Execute "git submodule foreach" in parallel


Is there any way to execute a git submodule foreach command in parallel, similarly of how the --jobs 8 parameter works with git submodule update?

For example, one of the projects we work on involves almost 200 sub-components (submodules) and we heavily use the foreach command to operate on them. I'd like to speed them up.

PS: In the case the solution involves a script, I work on Windows and, most of the time, using git-bash.


Solution

  • I propose you a solution based on a interpreted language multiplatform like Python.


    Process Launcher


    First of all you need define a class to manage the process to launch the command.

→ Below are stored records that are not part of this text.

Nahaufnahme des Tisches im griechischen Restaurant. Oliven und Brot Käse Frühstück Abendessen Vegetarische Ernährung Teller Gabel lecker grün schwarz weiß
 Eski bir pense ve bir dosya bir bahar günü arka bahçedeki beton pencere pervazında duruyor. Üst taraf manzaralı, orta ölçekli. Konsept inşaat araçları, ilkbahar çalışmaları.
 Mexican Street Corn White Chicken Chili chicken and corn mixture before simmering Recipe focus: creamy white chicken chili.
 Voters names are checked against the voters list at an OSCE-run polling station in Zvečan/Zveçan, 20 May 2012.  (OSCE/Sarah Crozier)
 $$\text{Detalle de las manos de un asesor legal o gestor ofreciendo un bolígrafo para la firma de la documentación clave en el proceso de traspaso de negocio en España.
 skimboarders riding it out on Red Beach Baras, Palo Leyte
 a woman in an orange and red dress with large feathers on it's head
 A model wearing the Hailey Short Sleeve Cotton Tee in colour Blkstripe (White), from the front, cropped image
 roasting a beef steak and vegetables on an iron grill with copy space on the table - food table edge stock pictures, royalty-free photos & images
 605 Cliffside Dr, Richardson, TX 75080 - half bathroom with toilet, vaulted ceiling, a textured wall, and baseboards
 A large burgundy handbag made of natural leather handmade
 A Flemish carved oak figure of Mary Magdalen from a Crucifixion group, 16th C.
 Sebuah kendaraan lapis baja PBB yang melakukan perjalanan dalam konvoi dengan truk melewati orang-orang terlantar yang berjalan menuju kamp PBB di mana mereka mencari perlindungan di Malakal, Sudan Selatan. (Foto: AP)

    class PFSProcess(object):
        def __init__(self, submodule, path, cmd):
            self.__submodule = submodule
            self.__path = path
            self.__cmd = cmd
            self.__output = None
            self.__p = None
    
        def run(self):
            self.__output = "\n\n" + self.__submodule + "\n"
            self.__p = subprocess.Popen(self.__cmd, stdout=subprocess.PIPE, stderr=subprocess.PIPE, shell=True,
                                 cwd=os.path.join(self.__path, self.__submodule))
            self.__output += self.__p.communicate()[0].decode('utf-8')
            if self.__p.communicate()[1]:
                self.__output += self.__p.communicate()[1].decode('utf-8')
            print(self.__output)
    


    Multithreading


    Next step is a generate multithread execution. Python includes in its core very powerful library to work with Threads. You can use it importing the following package:

    import threading
    

    Before threads creation you need create a worker, a function to call for each thread:

    def worker(submodule_list, path, command):
        for submodule in submodule_list:
            PFSProcess(submodule, path, command).run()
    

    As you can see the worker recives a submodule list. For clarity and because it is out of our scope, I recommend you take a look to .gitmodules from where you can generate the list of your submodules reading the file.


    💡 < Tip >

    As basic orientation you can find the following line in each submodule:

    path = relative_path/project
    

    For that purpose you can use this regular expression:

    'path ?= ?([A-za-z0-9-_]+)(\/[A-za-z0-9-_]+)*([A-za-z0-9-_])'
    

    If the regular expression matches you can get the relative path using the following one in the same line:

    ' ([A-za-z0-9-_]+)(\/[A-za-z0-9-_]+)*([A-za-z0-9-_])'
    

    Pay attention because the last regular expression returns the relative path with a space character at first position.

    💡 < / Tip>


    Then split the submodule list into as many chunks as jobs that you want:

    num_jobs = 8
    
    i = 0
    for submodule in submodules:
        submodule_list[i % num_jobs].append(submodule)
        i += 1
    

    Finally dispatch each chunk (job) to each thread and wait until all threads finish:

    for i in range(num_jobs):
        t = threading.Thread(target=worker, args=(list_submodule_list[i], self.args.path, self.args.command,))
        self.__threads.append(t)
        t.start()
    
    for i in range(num_jobs):
        self.__threads[i].join()
    


    Obviously I have exposed the basic concepts, but you can access to full implementation accessing to parallel_foreach_submodule (PFS) project in GitHub.